Please copy exactly every line from the one that contains "Delicate laundry detergent, fragrance-free, 16" to the end of the data below, with both ends included and no other lines.

(Data items)

────────

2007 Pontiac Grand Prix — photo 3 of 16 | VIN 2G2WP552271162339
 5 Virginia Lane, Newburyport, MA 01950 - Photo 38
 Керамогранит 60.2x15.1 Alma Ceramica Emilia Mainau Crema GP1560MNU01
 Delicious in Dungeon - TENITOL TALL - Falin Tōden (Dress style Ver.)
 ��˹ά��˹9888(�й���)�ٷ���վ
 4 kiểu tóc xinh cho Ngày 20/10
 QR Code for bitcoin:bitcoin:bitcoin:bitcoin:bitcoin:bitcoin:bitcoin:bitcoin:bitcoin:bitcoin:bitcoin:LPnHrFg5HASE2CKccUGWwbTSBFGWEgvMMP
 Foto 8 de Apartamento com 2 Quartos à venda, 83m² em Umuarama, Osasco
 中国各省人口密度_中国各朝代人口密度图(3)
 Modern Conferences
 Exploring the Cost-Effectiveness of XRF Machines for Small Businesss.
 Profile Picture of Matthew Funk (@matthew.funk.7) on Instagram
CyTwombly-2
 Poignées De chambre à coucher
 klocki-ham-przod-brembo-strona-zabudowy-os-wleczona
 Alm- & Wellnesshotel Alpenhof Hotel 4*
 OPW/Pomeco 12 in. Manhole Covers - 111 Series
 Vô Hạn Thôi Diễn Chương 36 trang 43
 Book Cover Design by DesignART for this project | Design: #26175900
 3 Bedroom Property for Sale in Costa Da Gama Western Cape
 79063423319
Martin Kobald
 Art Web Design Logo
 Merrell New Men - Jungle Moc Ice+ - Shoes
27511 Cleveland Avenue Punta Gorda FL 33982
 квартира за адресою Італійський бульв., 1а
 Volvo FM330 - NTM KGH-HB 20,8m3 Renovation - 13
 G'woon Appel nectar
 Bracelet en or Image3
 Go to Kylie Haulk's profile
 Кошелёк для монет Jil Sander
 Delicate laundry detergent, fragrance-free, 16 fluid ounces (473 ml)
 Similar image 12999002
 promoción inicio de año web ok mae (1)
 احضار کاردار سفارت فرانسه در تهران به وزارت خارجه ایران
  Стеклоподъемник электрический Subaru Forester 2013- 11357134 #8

────────

■ TASK SOLUTION ■
 Delicate laundry detergent, fragrance-free, 16 fluid ounces (473 ml)
 Similar image 12999002
 promoción inicio de año web ok mae (1)
 احضار کاردار سفارت فرانسه در تهران به وزارت خارجه ایران
  Стеклоподъемник электрический Subaru Forester 2013- 11357134 #8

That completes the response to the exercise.